Q: What are the most common causes for steam-trap failure? How does steam-trap failure affect other equipment in the steam system?
A: The majority of traps fail because of old age. A typical trap in 300-PSIG service will last eight to 10 years. The second most likely cause is contamination preventing the trap from closing. Proper boiler treatment and strainers prevent contamination. Misapplied traps, particularly grossly oversized units, can also fail prematurely.
Failed traps can affect other equipment by reducing the output of the equipment, inducing water hammer that damages the equipment, and exposing electric condensate pumps to destructively high temperatures. The most significant effect is wasted energy.
Q: How can users best assess the performance of their steam systems? Why is it important to employ a steam systems assessment program?
A: It is vital to employ a steam system assessment program to control and reduce steam energy fuel costs. The best way to assess the performance of a steam system is to install monitoring instrumentation for utilities, steam, and make-up water. By collecting daily baseline data, customers can benchmark their present energy efficiency and compare it to industry standards and also track the actual value of energy improvement initiatives. Industry averages are available on the Department of Energy (DOE) Web site (www.doe.gov).
Another assessment technique is to perform annual, quarterly, or monthly steam system assessments with the assistance of the Department of Energy Steam System Assessment modeling tool.
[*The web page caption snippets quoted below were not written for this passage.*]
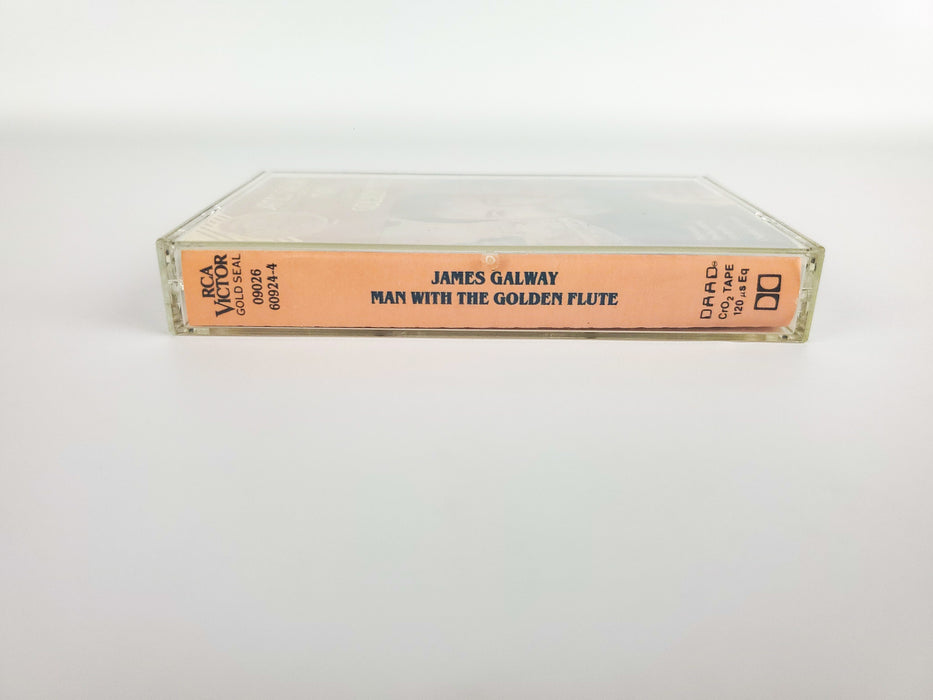 James Galway: Man with the Golden Flute Cassette Tape 3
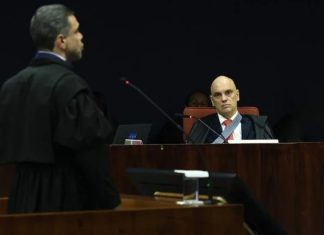 Golpe: Moraes vota para tornar 10 denunciados em réus e rejeita denúncia contra 2
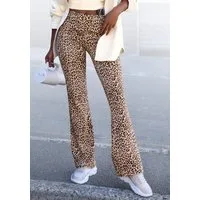 Buffalo Leggings in modischer Allover Leo-Optik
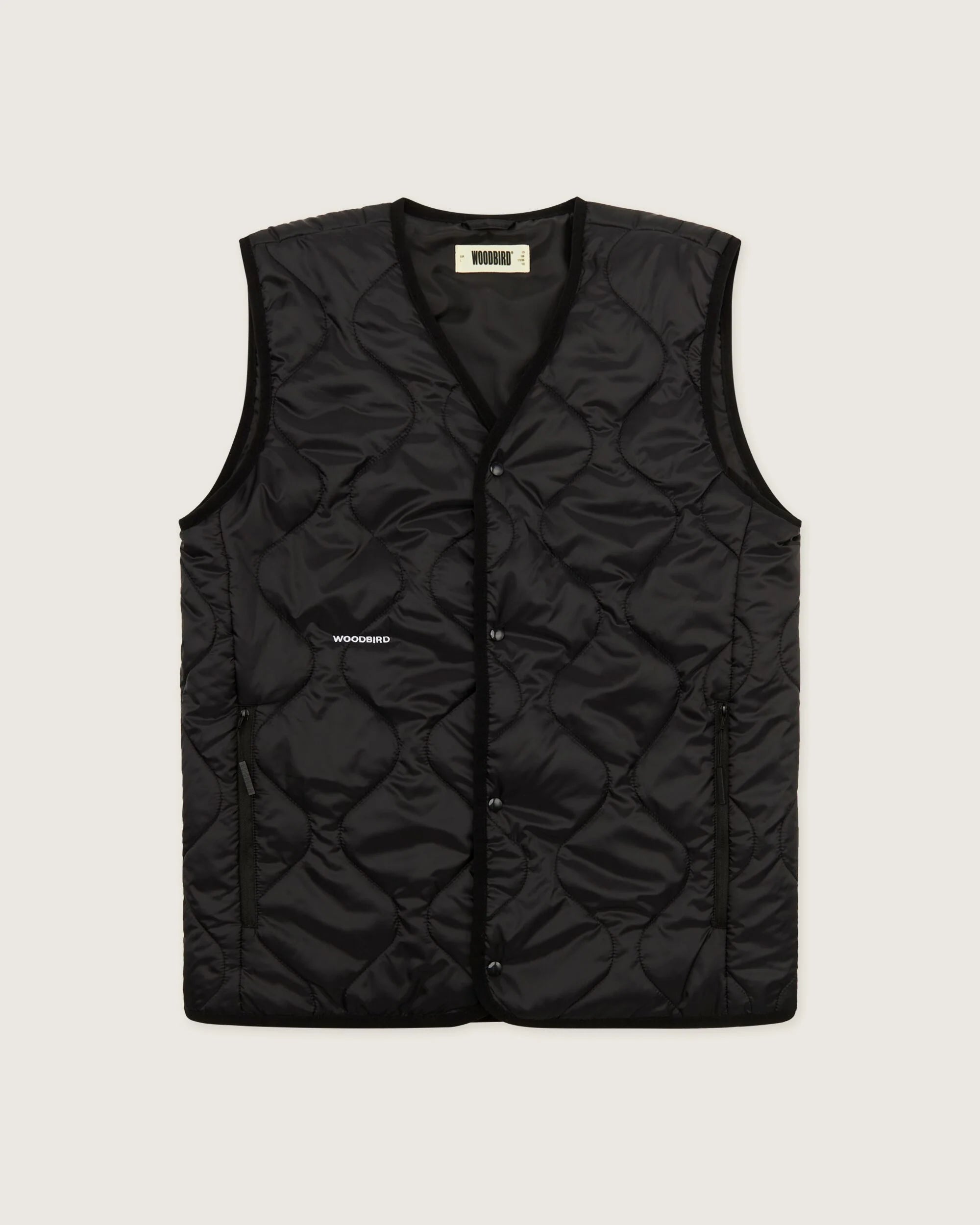 WBTRAIS QUILT VEST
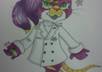 draw you a picture, ink it, and color it with marker then mail it to you small1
This can be outsourced to a service company such as the Spirax Sarco Energy Services Group.
Q: What level of energy savings could an average-sized plant expect to realize by ensuring the efficient operation of steam systems?
A: By having an efficient steam system in operation, an average-sized plant can expect at least 10% to 30% savings. There are multiple ways to accomplish this:
1. Maximizing boiler efficiency.
2. Staying within the fuel range. Fuel companies are imposing tariffs if fuel consumption goes above allowed levels. Staying away from “Peak Energy Billings” and operating within energy-consumption limits results in instant savings.
3. Fixing steam leaks in steam traps, valves, etc.
4. Maximizing condensate recovery back to the boiler.
5. Installing heat recovery systems.
6. Installing boiler stack economizers.
7. Optimizing steam process usage by using controls. For example, when the system process is off, turn the steam off.
8. Using metering and measuring to get maximum output per pound of steam.
9. Installing a boiler TDS blowdown heat recovery system.
10. Using state of the art boiler controls, high efficiency burners, boiler combustion controls and oxygen gas trim controls.